En Chile no solo tratamos igual a quienes están en momentos distintos. Además, lo hacemos desde instituciones que no están realmente conectadas. El problema ya no es solo de diseño, es de coordinación.
No todos los emprendedores están en el mismo momento. Algunos recién están validando una idea, otros sobreviven en la informalidad (saliendo de sus toldos azules) y otros ya están vendiendo y buscando crecer. Son realidades distintas, con necesidades y urgencias diferentes. Sin embargo, el sistema muchas veces los trata como si fueran lo mismo, entregando soluciones estándar para situaciones completamente distintas. Esto, por sí solo, ya genera desalineación, pérdida de tiempo y desgaste.
Pero cuando uno mira un poco más en profundidad, aparece algo aún más estructural. El problema no es solo que el sistema no distinga etapas. Es que además está desconectado por dentro.
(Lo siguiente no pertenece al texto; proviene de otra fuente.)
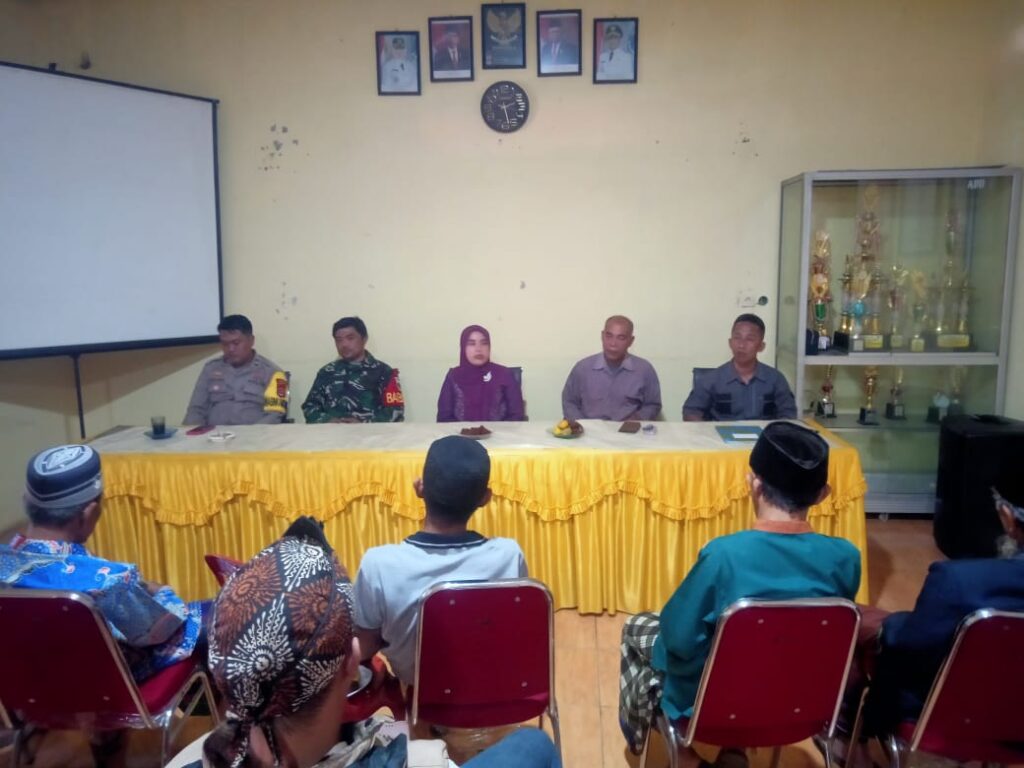 Bhabinkamtibmas Polsek Bojong Polres Pandeglang Mediasi Sengketa Lahan di Desa Banyumas 1 WhatsApp Image 2024 07 19 at 17.25.59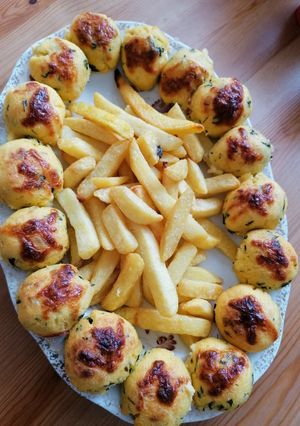 صورة لوصفة كرات سميد الذرة المحشية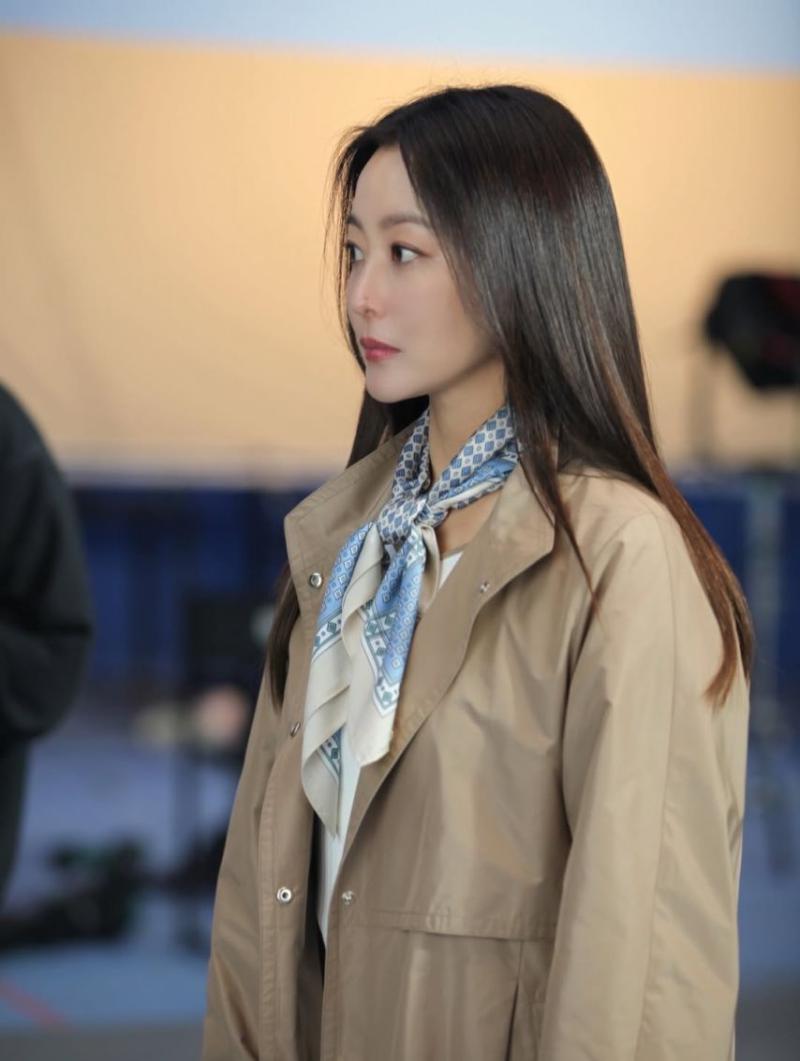 김희선 미모 근황.jpg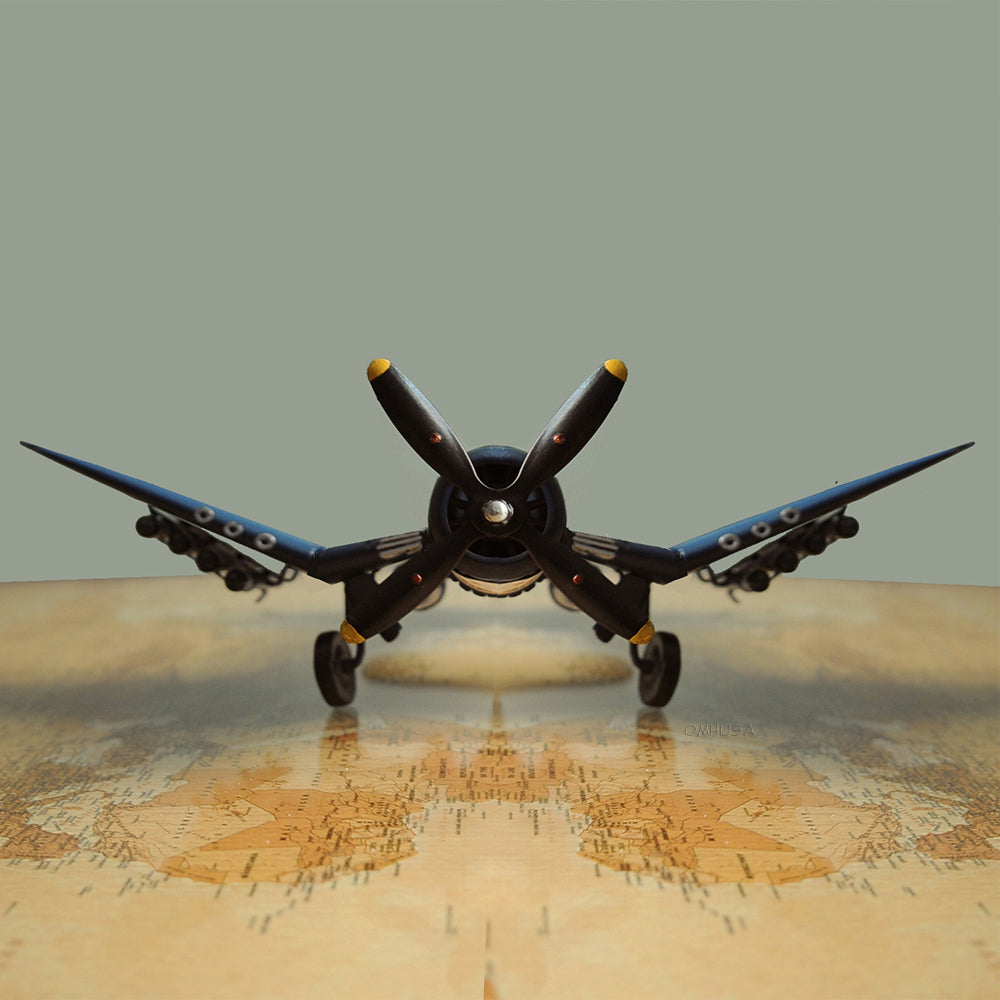 1944 F4U Corsair 1:31
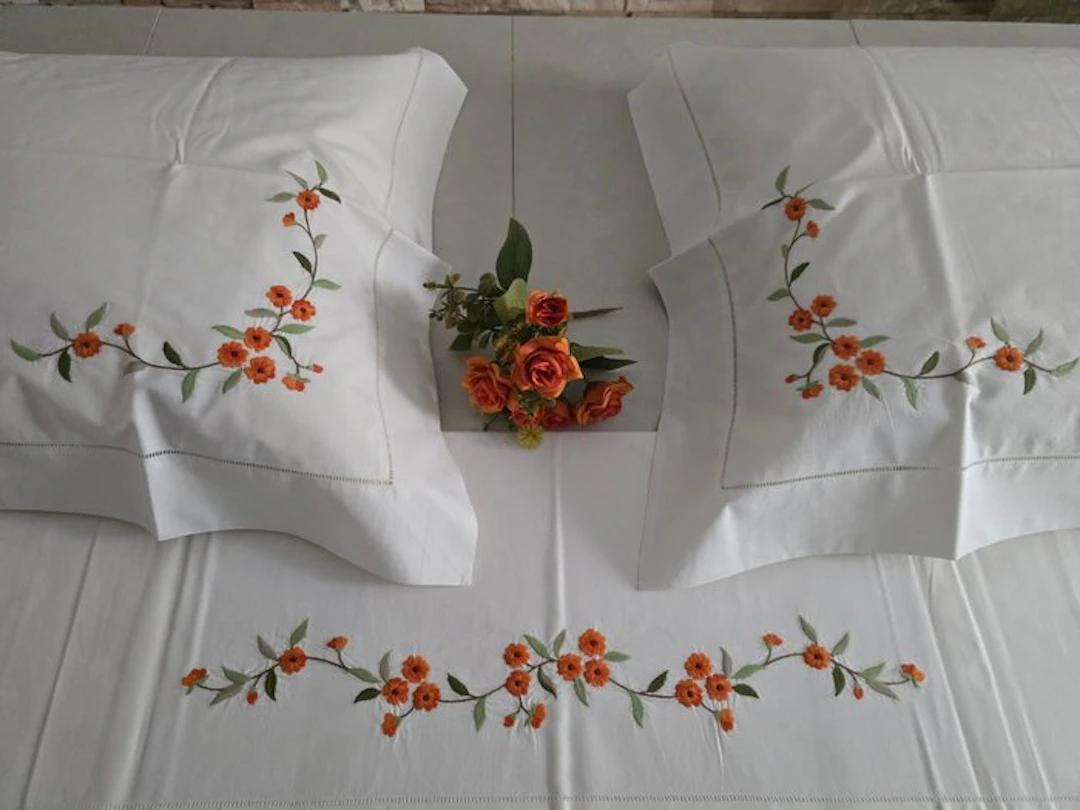 Set Lenzuola ricamate in puro cotone percalle Ricamo in...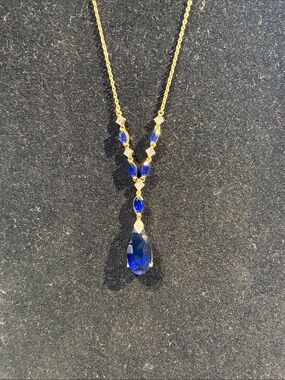 Beautiful Sapphire Necklace and Pendant in 10 K Gold.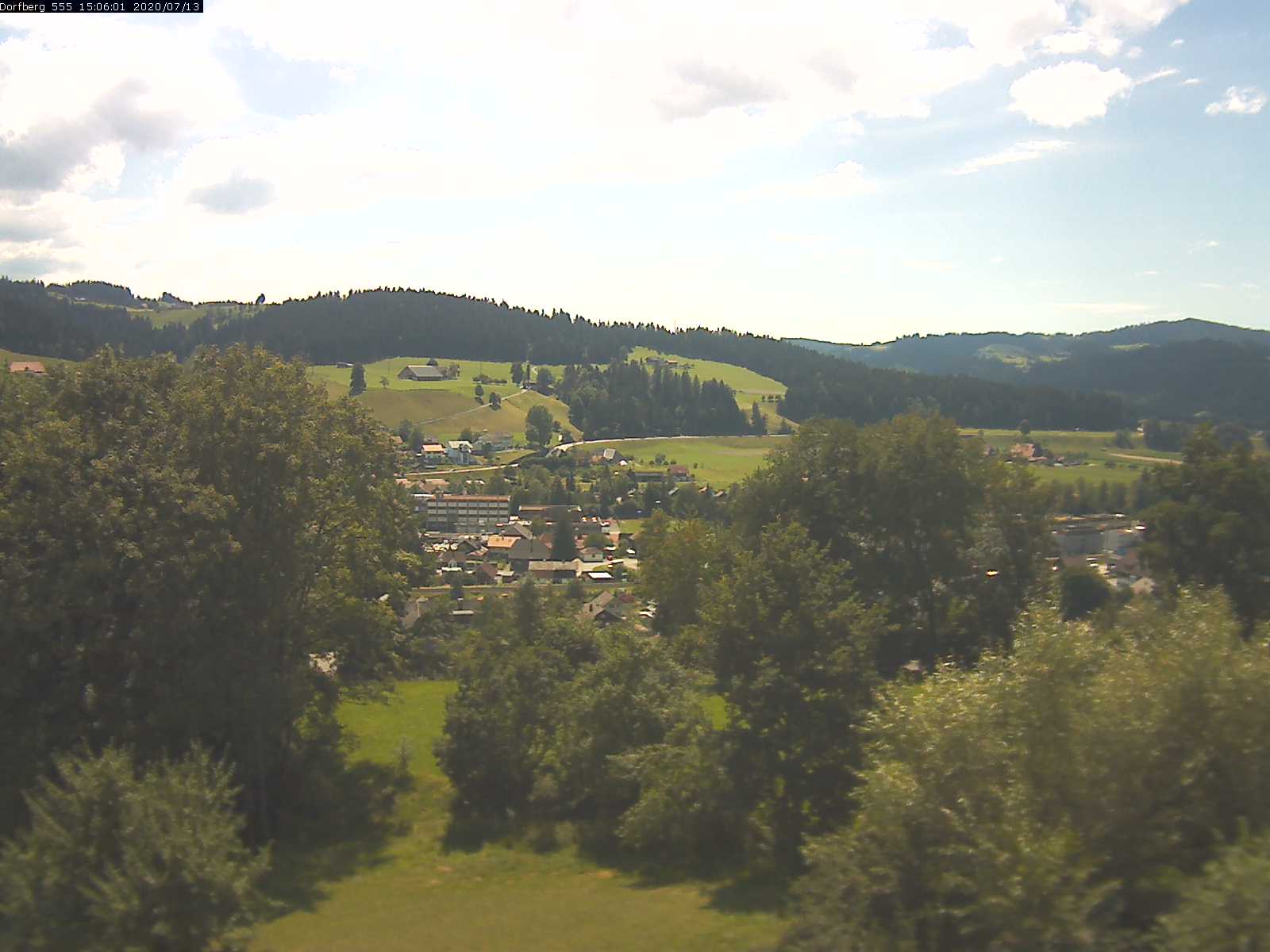Webcam-Bild: Aussicht vom Dorfberg in Langnau 20200713-150601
Cada institución opera con su propia lógica, sus propios tiempos y sus propios objetivos. FOSIS, SERCOTEC, CORFO, municipios, academia, Hub… todos cumplen un rol, todos están activos, pero no necesariamente están articulados entre sí. Y eso genera un efecto silencioso, pero muy potente: el emprendedor queda en medio de un sistema que no conversa.
“El problema no es solo qué se entrega, es cómo se coordina.”
Desde afuera, el ecosistema se ve robusto. Hay oferta, hay programas, hay cobertura. Pero en el “backstage”, la realidad es distinta. Falta comunicación efectiva, los objetivos no siempre están alineados y las decisiones se toman muchas veces de forma independiente. Cada actor responde a sus propios indicadores, más que a una lógica común de desarrollo del emprendedor.
Y eso tiene consecuencias directas. El emprendedor participa en un programa que no conversa con el siguiente. Recibe apoyo que no se conecta con lo que ya hizo. Se enfrenta a requisitos distintos, a lenguajes distintos, a expectativas distintas. Y nuevamente, tiene que adaptarse… no el sistema a él, sino él al sistema.
Ahí es donde se pierde eficiencia, pero también sentido. Porque cuando no hay coordinación, el sistema no construye sobre lo avanzado. Repite, fragmenta y diluye el impacto. Y eso se suma a un problema previo: si además no distinguimos en qué etapa está cada emprendedor, terminamos combinando dos fallas críticas. Entregamos soluciones poco pertinentes desde instituciones que no están alineadas.
El resultado es un ecosistema activo, pero poco conectado. No se trata de cuestionar a las instituciones, donde yo he sido fundador y participe activamente. Todas cumplen un rol necesario y muchas veces con equipos altamente comprometidos. El problema es que ese esfuerzo no está siendo articulado de manera sistémica. Y cuando eso ocurre, el impacto se reduce.
El desafío, entonces, no es hacer más ni reemplazar lo que existe. Es conectar mejor. Alinear objetivos, compartir información, construir trayectorias comunes y entender que el emprendedor no vive instituciones, vive un proceso.
Porque cuando el sistema se organiza desde sí mismo, el emprendedor se pierde. Pero cuando se organiza desde la experiencia del emprendedor, todo empieza a tener sentido.
Si queremos que el emprendimiento realmente avance, no basta con mejorar programas ni segmentar etapas, crear nuevas «Ruta del emprendedor», «Track de emprendedores», etc, que en muchos casos solo son para facilitar sus objetivos como organización y no hacer el camino mas fácil al emprendimiento y al empresario.
Es aquí el desafío para este nuevo gobierno, tenemos que lograr algo más básico, pero más desafiante: que el sistema, de una vez por todas, empiece a conversar consigo mismo.
¿Te hace sentido esta mirada? ¿Crees que hoy existe coordinación real o seguimos operando como piezas separadas dentro de un mismo sistema?